TASK GOAL:
Give back the exact lines of the material below from the one containing "Smart Puffer jacket (min:10 units)" through the one containing "SalesOne LLC Marvel", and no pictures.

#### DATA FOR PROCESSING

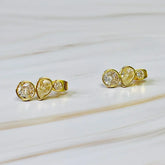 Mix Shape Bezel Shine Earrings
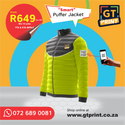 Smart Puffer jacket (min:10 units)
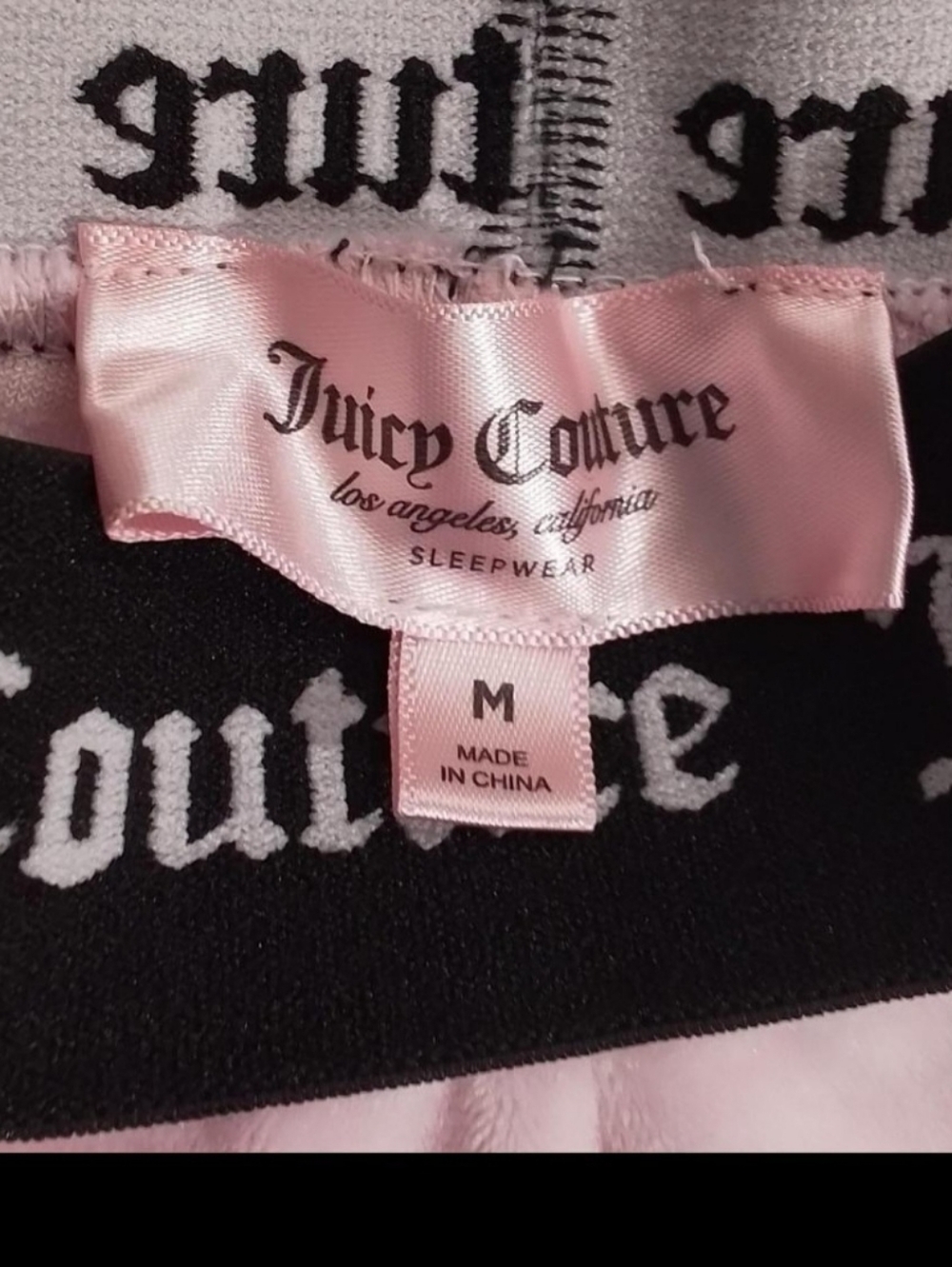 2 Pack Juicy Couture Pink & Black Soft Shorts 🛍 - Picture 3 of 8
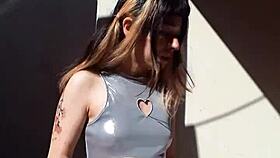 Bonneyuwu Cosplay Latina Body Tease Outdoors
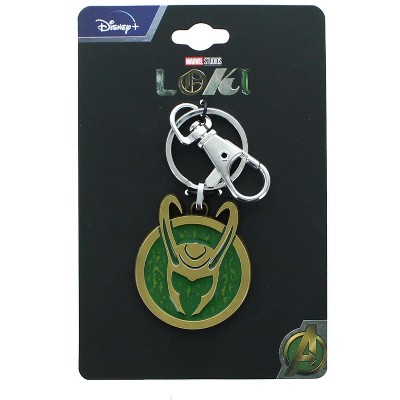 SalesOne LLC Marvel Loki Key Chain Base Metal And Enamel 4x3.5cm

########
#### DATA FOR PROCESSING

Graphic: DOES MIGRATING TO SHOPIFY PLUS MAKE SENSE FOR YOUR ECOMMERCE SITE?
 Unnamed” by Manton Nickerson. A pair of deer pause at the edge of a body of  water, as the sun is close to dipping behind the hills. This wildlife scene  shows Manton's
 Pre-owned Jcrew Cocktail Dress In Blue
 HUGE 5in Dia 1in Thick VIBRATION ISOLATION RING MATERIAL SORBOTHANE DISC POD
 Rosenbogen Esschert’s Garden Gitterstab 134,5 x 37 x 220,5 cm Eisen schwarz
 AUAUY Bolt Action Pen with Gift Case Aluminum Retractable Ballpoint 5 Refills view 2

########

TASK ANSWER:
 Smart Puffer jacket (min:10 units)
 2 Pack Juicy Couture Pink & Black Soft Shorts 🛍 - Picture 3 of 8
 Bonneyuwu Cosplay Latina Body Tease Outdoors
 SalesOne LLC Marvel Loki Key Chain Base Metal And Enamel 4x3.5cm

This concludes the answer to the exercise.